#### ACTION ITEM:
Go through the listing below and retype exactly the lines starting at the one with "this 638×980 image." and ending at the one with "this 1270×952 image.", skipping pictures.

#### DATASET RECORDS:
------------------------------

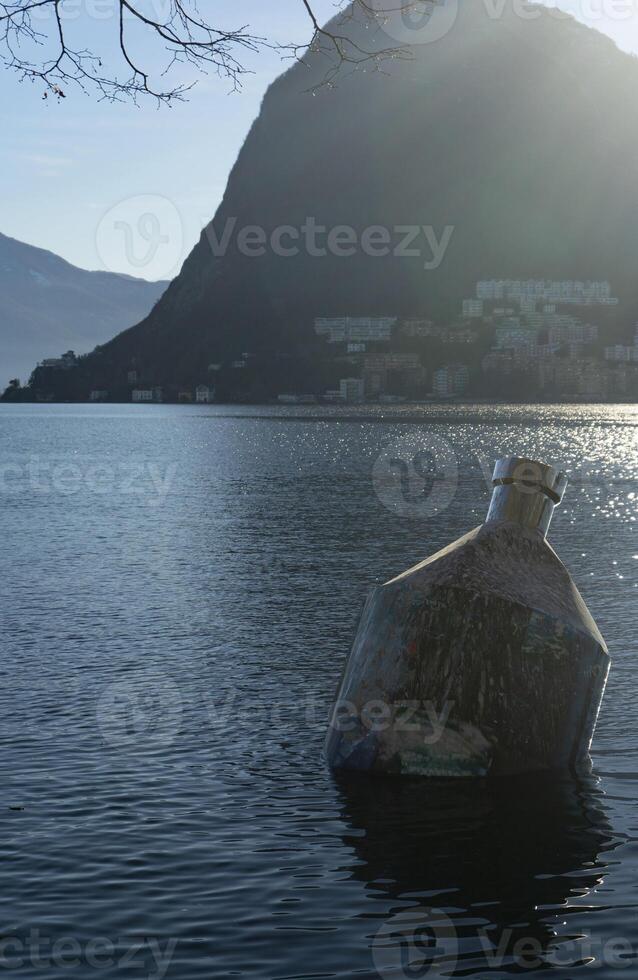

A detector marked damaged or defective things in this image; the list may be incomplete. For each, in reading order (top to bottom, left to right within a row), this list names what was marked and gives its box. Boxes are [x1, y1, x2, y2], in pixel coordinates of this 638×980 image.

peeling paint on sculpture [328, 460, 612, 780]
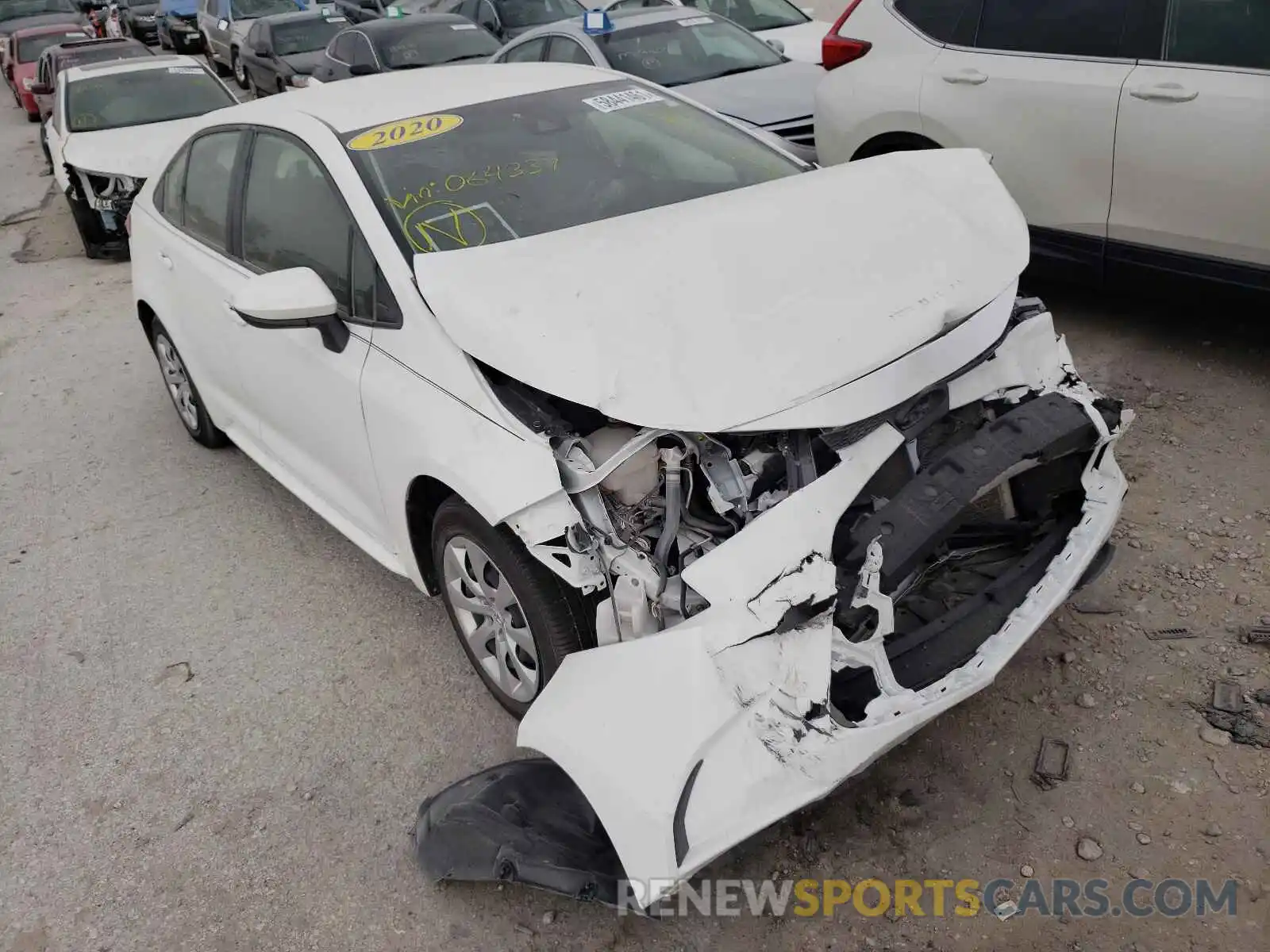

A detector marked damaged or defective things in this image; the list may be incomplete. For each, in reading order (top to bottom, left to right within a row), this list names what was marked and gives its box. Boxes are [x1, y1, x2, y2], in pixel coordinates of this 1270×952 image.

------------------------------

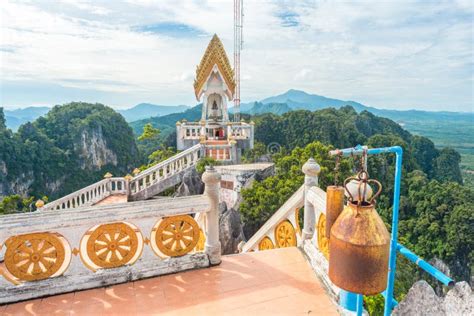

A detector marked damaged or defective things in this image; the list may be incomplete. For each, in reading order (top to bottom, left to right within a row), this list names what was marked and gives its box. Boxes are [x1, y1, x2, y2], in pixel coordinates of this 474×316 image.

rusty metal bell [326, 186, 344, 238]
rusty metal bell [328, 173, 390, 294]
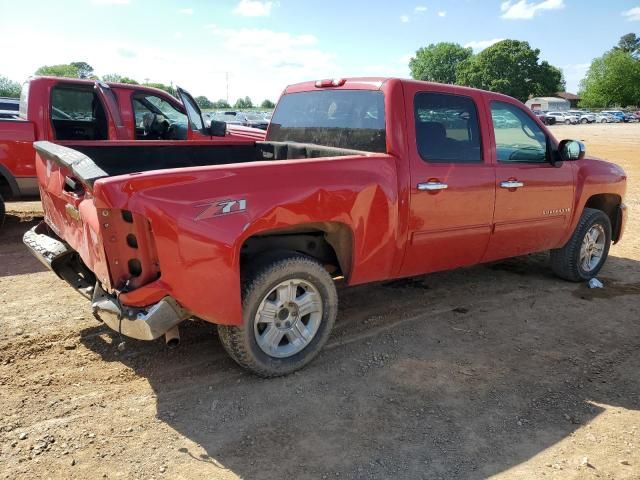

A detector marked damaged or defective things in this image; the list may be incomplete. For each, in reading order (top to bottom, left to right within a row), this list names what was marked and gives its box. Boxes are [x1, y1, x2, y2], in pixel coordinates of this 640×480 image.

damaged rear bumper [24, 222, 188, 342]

------------------------------

#### SOLUTION TO THIS EXERCISE:
A detector marked damaged or defective things in this image; the list may be incomplete. For each, in reading order (top to bottom, left to right within a row), this list names what was marked and gives its box. Boxes are [x1, y1, x2, y2], in pixel coordinates of this 638×980 image.

peeling paint on sculpture [328, 460, 612, 780]

A detector marked damaged or defective things in this image; the list may be incomplete. For each, in reading order (top to bottom, left to right within a row), this list names what was marked and gives its box. Boxes are [x1, y1, x2, y2], in pixel coordinates of this 1270×952 image.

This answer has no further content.